TYPES OF NEGRO HOUSING
Lack of repairs to the houses in the "Black Belt" is accounted for by the fact that owners do not regard the buildings as worth repairing, and that tenants can always be found, even though it is necessary to reduce rents somewhat. This reduction is indeed notable. The School of Civics found that while in 1909 50 per cent of the houses examined on the South Side rented for as much as $16 a month, in 1917 only 13 per cent could command as high a rental as that; that in 1909 the prevailing rents were $15 and $16 as against $10 and $12 in 1917.
On the West Side the area studied generally was that bounded by Lake Street, Ashland, Austin, and Western avenues. Here the situation was little better. One-third of the families visited in the three selected blocks bounded by Fulton and Paulina streets, Carroll Avenue and Robey Street were Negroes. The remaining two-thirds represented sixteen nationalities. It was reported that the white residents could get advantages and improvements for their houses that a Negro could not. While 35 per cent of the houses were reported in good repair, 31 per cent were described as "absolutely dilapidated" and in a worse state of repair than those in any other districts studied except the Jewish district. The report said:
Broken-down doors, unsteady flooring, and general dilapidation were met by the investigators at every side. Windowpanes were out, doors hanging on single hinges or entirely fallen off, and roofs rotting and leaking. Colored tenants reported that they found it impossible to persuade their landlords either to make the necessary repairs or to release them from their contracts; and that it was so hard to find better places in which to live that they were forced either to make the repairs themselves, which they could rarely afford to do, or to endure the conditions as best they might. Several tenants ascribed cases of severe and prolonged illness to the unhealthful condition of the houses in which they were living.
That there was a continuing demand even for the shacks and shanties of the "Black Belt" is evidenced in a report made by the Urban League of Chicago in 1917 that only one out of every thirteen Negro applicants for houses to rent could be supplied. At the height of the demand applications for houses were coming in at the rate of 460 to 600 a day, and only ninety-nine were available for renting purposes. This was due, of course, to the growing stream of Negroes arriving daily from the South.
Covering the same area on the South Side as that studied by the School of Civics in 1917 a canvass was also made in 1917 by Caswell W. Crews, a student at the University of Chicago. He found that tenants had remained in these dwellings in some instances as long as twenty years after their unfitness had become evident, because the rent was low and they could find nowhere else to go. He mentioned the mass of migrants from the South who, because of their ignorance of conditions in Chicago as to what was desirable and what was to be had for a given sum, fell an easy prey to unscrupulous owners and agents. Mr. Crew's description said:
With the exception of two or three the houses are frame, and paint with them is a dim reminiscence. There is one rather modern seven-room flat building of stone front, the flats renting at $22.50 a month and offering the best in the way of accommodations to be found there. There is another makeshift flat building situated above a saloon and pool hall, consisting of six six-room flats, renting at $12 per month, but in a very poor condition of repair. Toilets and baths were found to be in no condition for use and the plumbing in such a state as to constantly menace health. Practically all of the houses have been so reconstructed as to serve as flats, accommodating two and sometimes three families. As a rule there are four, five, and sometimes six rooms in each flat, there being but five instances when there were more than six. It is often the case that of these rooms not all can be used because of dampness, leaking roofs, or defective toilets overhead.
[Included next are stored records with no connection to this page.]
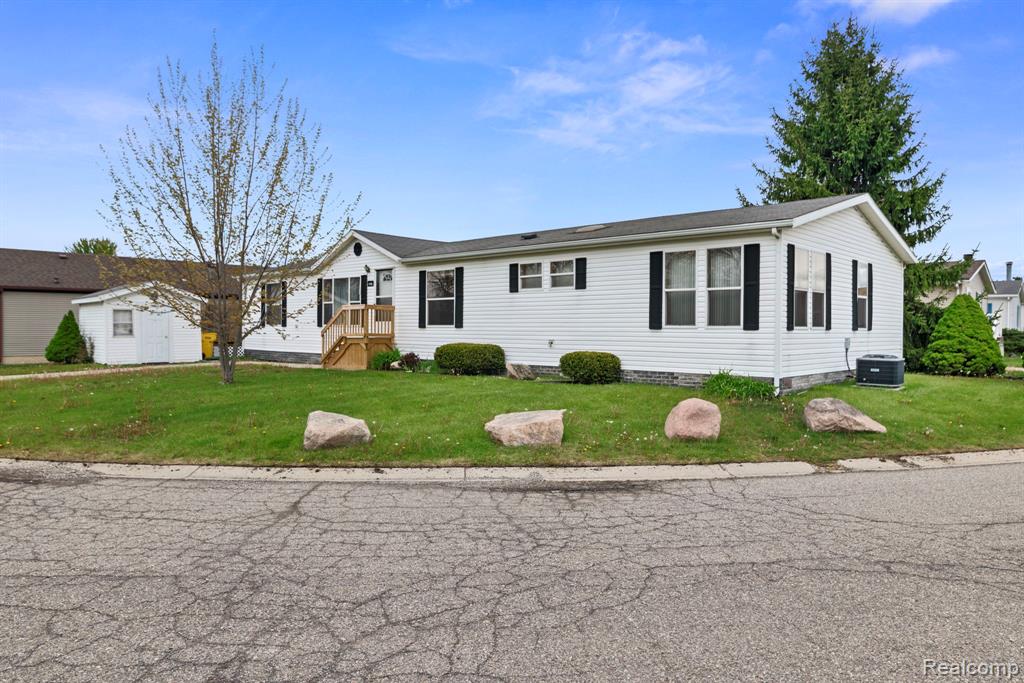 9740 Hathaway Drive - Photo 2
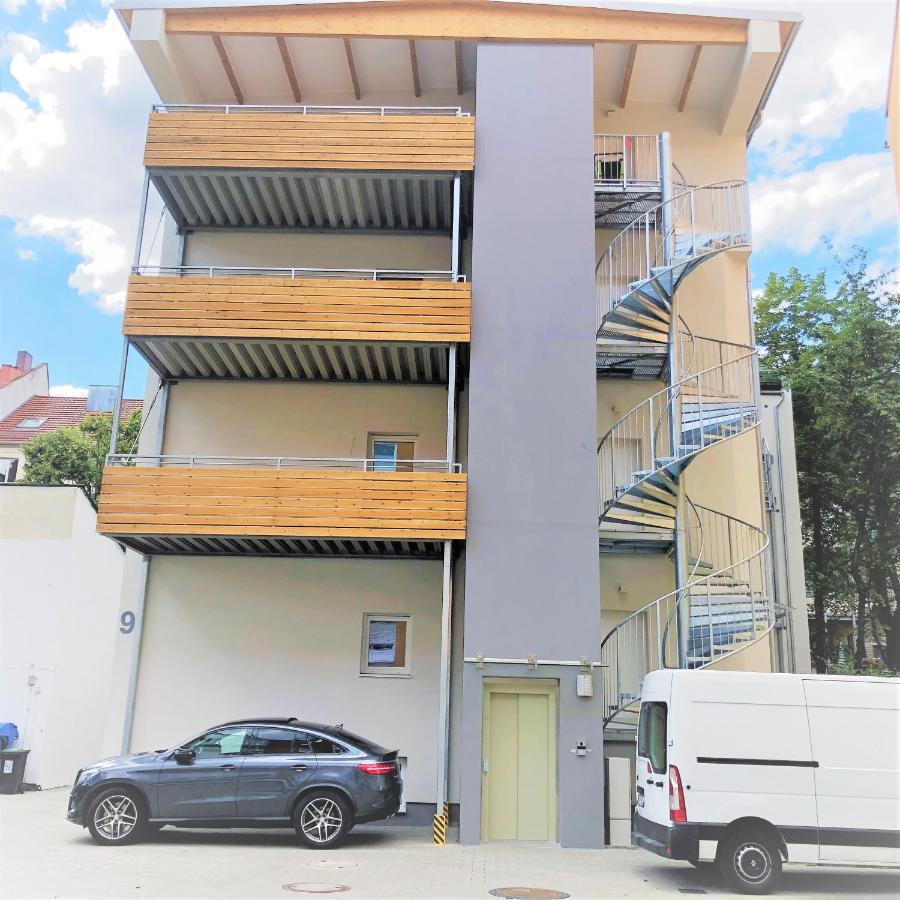 Am City Apartment 24H Self-Check-In, Free Parking, U-Bahn 350M, Netflix Nuremberg Exterior photo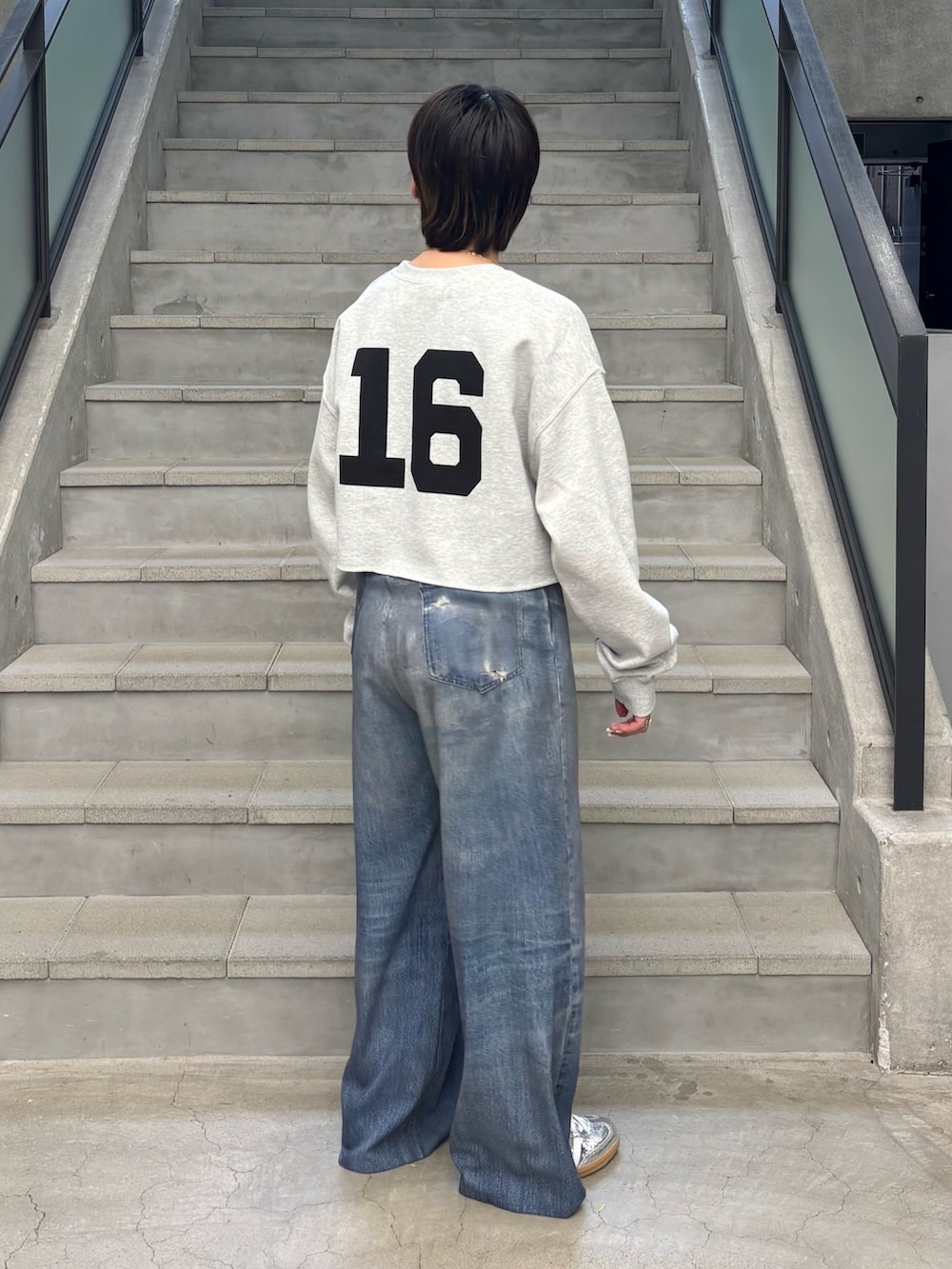 グレー系のスウェット、ブルー系のその他パンツを着用したレディースの春コーディネートの3枚目の写真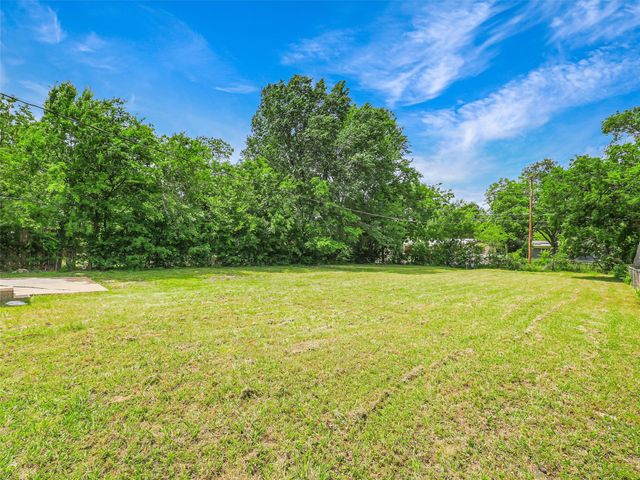 3211 Gus Thomasson Road, Dallas, TX 75228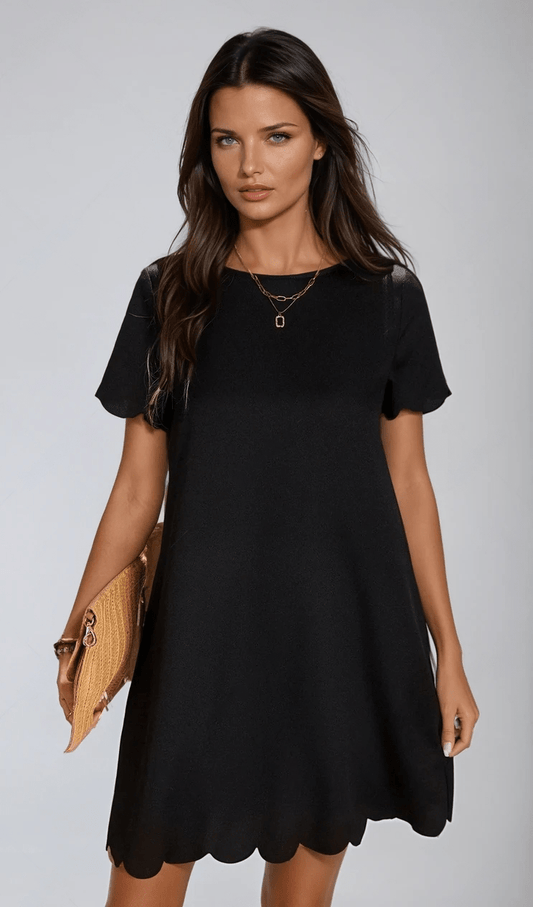 Chic Elegance - Summer Dress with Round Neck and Wavy Cut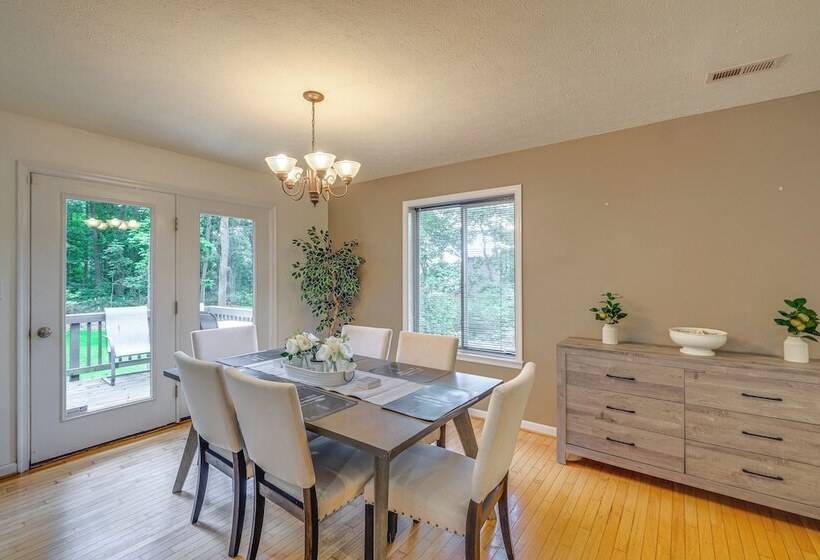 Linden Family Home W/ Yard < 5 Mi To Wineries!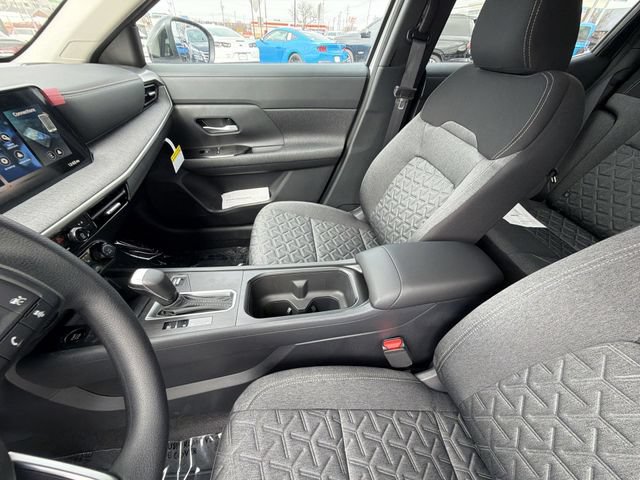 New 2026 Nissan Kicks SV w/ Cold Weather Package AWD/4WD image 20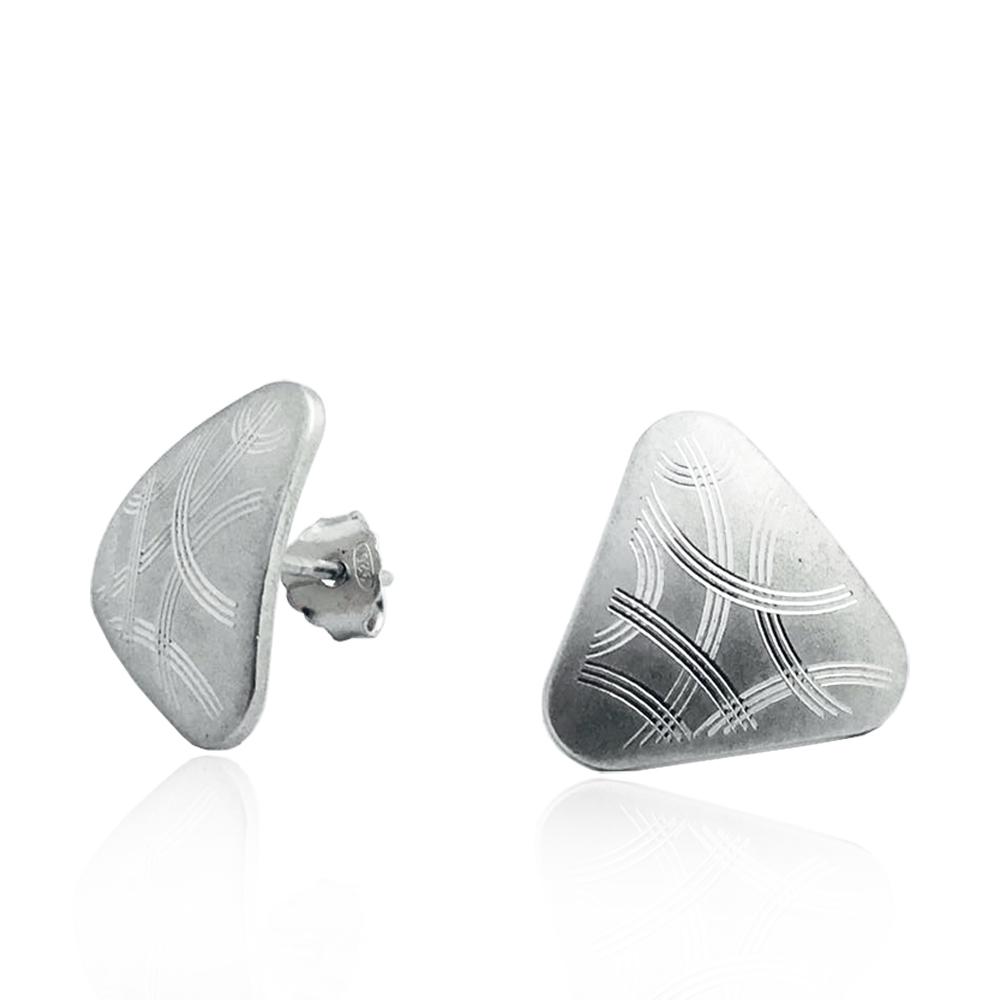 Orecchini a lobo triangolo mm 15x16 in argento massiccio satinato titolo 925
The owners are in most instances scarcely better off than their tenants and can ill afford to make repairs. One house in the rear of another on Federal Street near Twenty-seventh had every door off its hinges, water covering the floor from a defective sink, and windowpanes out. A cleaning of the house had been attempted, and the cleaners had torn loose what paper yielded readily and proceeded to whitewash over the adhering portion which constituted the majority of the paper. There were four such rooms and for them the family paid $7 a month.
In 1920 a cursory examination by investigators from the Commission showed that the only change in the situation was further deterioration in the physical state of the dwellings.